• [Required work]: In the records below, find the line containing "Instead of producing" and the line containing "To answer this"; please repeat exactly the lines from one to the other, both included, and nothing more.

(Source information begins)

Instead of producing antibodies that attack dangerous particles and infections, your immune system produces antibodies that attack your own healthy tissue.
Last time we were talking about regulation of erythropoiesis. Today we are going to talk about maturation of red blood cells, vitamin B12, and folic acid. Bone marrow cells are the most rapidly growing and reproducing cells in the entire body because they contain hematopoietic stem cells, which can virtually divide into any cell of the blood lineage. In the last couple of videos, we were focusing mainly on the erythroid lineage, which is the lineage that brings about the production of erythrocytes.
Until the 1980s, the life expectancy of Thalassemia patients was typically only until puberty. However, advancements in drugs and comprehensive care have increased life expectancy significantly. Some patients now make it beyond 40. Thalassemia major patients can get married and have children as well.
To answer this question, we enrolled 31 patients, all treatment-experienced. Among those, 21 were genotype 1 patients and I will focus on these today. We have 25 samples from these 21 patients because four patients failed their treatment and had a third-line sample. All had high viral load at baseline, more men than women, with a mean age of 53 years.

(Source information ends)
(Source information begins)

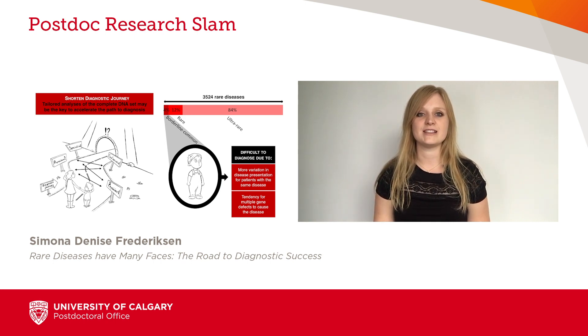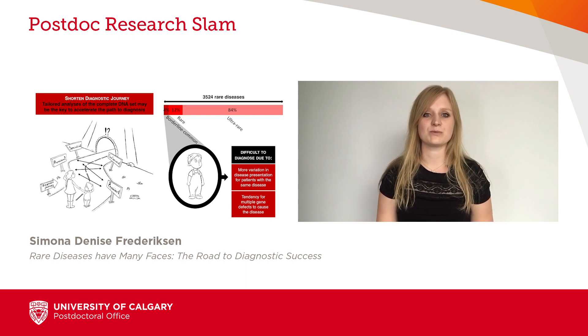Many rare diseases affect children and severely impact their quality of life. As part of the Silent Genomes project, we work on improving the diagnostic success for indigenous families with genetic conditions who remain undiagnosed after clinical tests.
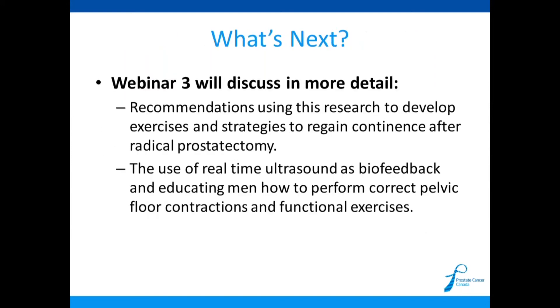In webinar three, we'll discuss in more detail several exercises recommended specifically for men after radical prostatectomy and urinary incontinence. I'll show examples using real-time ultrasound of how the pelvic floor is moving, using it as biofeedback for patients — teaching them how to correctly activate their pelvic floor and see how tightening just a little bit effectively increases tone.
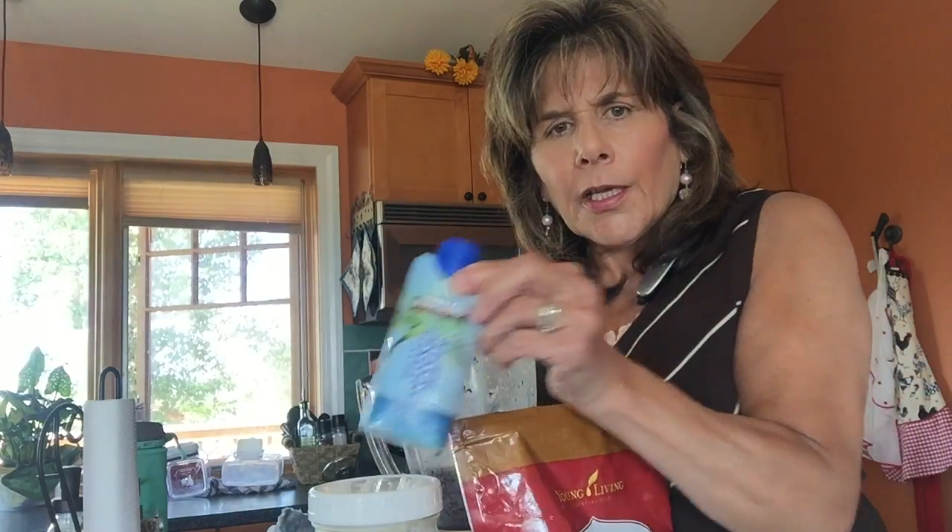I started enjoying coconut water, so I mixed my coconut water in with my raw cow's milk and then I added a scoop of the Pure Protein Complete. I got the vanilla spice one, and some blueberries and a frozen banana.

(Source information ends)
(Source information begins)

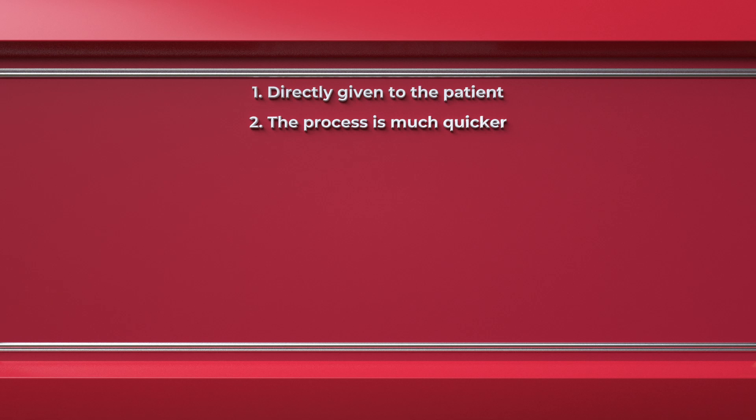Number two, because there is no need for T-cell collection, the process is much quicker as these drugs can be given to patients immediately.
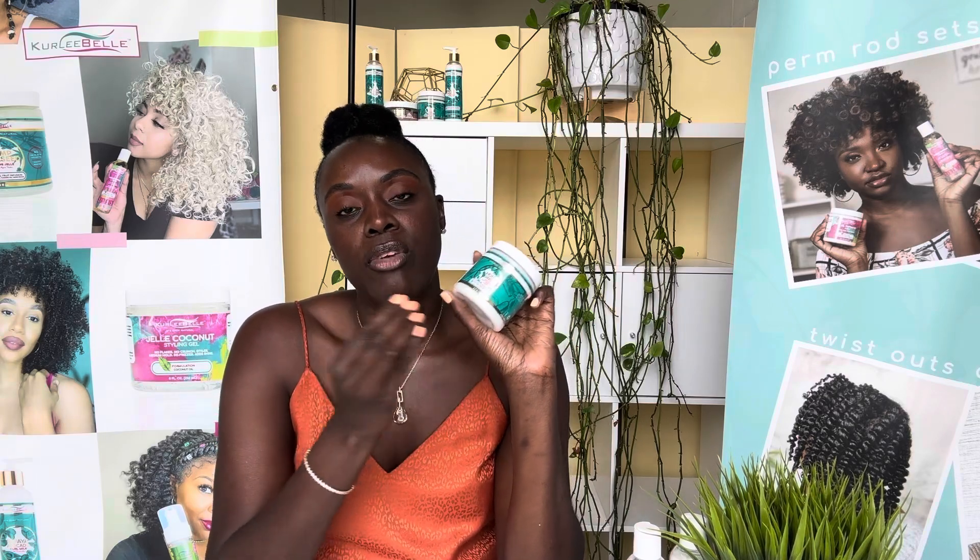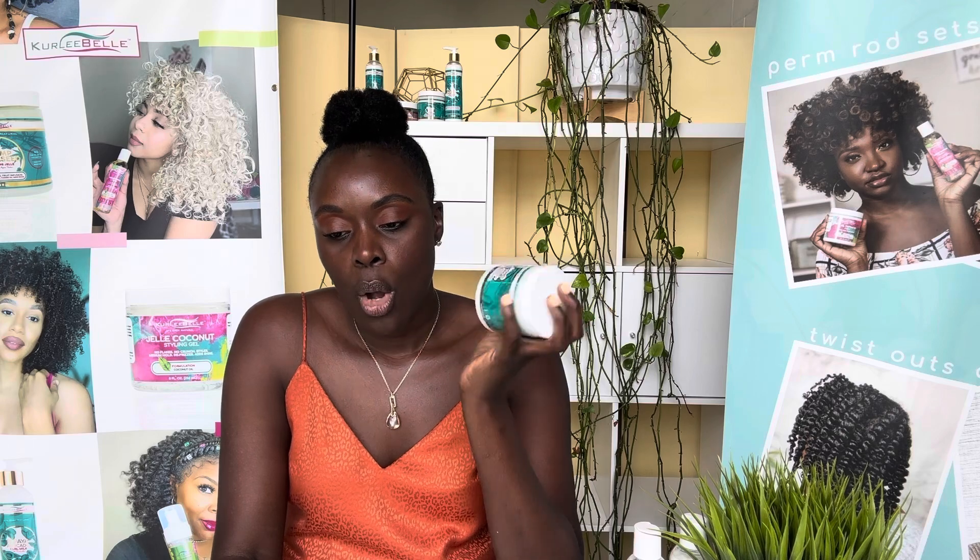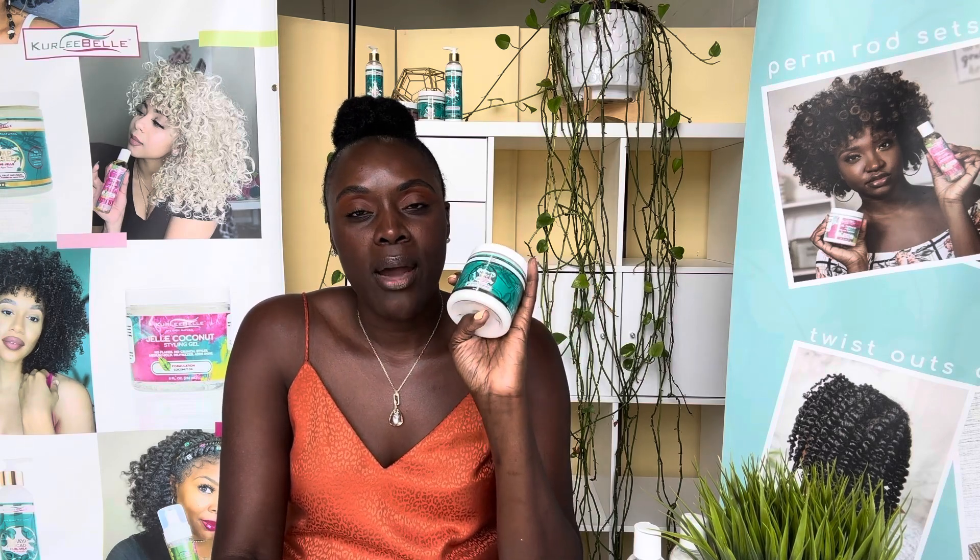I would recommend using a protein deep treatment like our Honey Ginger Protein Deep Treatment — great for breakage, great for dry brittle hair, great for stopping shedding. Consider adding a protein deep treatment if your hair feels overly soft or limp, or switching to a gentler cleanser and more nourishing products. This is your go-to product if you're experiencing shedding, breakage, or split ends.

(Source information ends)

• [Solution below]:
Instead of producing antibodies that attack dangerous particles and infections, your immune system produces antibodies that attack your own healthy tissue.
Last time we were talking about regulation of erythropoiesis. Today we are going to talk about maturation of red blood cells, vitamin B12, and folic acid. Bone marrow cells are the most rapidly growing and reproducing cells in the entire body because they contain hematopoietic stem cells, which can virtually divide into any cell of the blood lineage. In the last couple of videos, we were focusing mainly on the erythroid lineage, which is the lineage that brings about the production of erythrocytes.
Until the 1980s, the life expectancy of Thalassemia patients was typically only until puberty. However, advancements in drugs and comprehensive care have increased life expectancy significantly. Some patients now make it beyond 40. Thalassemia major patients can get married and have children as well.
To answer this question, we enrolled 31 patients, all treatment-experienced. Among those, 21 were genotype 1 patients and I will focus on these today. We have 25 samples from these 21 patients because four patients failed their treatment and had a third-line sample. All had high viral load at baseline, more men than women, with a mean age of 53 years.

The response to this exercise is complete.